In a world where change is constant, Saputo stands for tradition, and that tradition keeps paying dividends for the world’s 12th-largest dairy processor serving the retail and foodservice markets.

It helps that its executives continue to uphold the original company values, despite operating 47 plants and employing more than 10,000 workers, serving customers in more than 50 countries and earning revenues of $6.9 billion in fiscal 2012, up 15.4 per cent from fiscal 2011. “We really stay true to the original Saputo values and culture,” confirms Dominic Bombino, SVP of Foodservice, Canada for the Montreal-based company. “Although we’re a large organization, we always try to think small. We run our operations as if it was a family run business like it was in 1954.”

Those values speak to standing together to overcome challenges; adapting to needs, trends and changes in the environment; and valuing every employee’s contribution. The company motto perhaps says it best: ‘Standing Together, Looking Ahead.’
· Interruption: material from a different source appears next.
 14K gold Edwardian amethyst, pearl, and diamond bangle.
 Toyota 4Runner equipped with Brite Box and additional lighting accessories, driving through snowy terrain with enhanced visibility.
Bombino, who works out of the company’s Vaughan, Ont., plant, admits it can be a challenge maintaining the small business approach as the company continues to grow its products and markets. “That’s why cultural fit is a very big part of our decisions, whether it’s acquiring organizations or hiring people; or whether we’re looking at plant operations, logistics, sales or finance. Everything has to flow back to Saputo’s original commitment.”

That commitment began nearly 60 years ago in Montreal when Giuseppe Saputo established the business with $500, basic equipment and a bicycle for cheese deliveries to local foodservice operations. The rise in pizza consumption prompted the company to establish its first production facility three years later. From there, the organic growth continued, starting with distribution throughout the Atlantic provinces and then a national network in the 1970s. In the 1980s, the company execs made their first move into the U.S. market, and they’ve been acquiring businesses and expanding to global markets ever since.

And, innovation within those markets is part of the company’s modus operandi. Saputo’s R&D team continues to work on new product concepts to meet growing demand for healthy, quality food.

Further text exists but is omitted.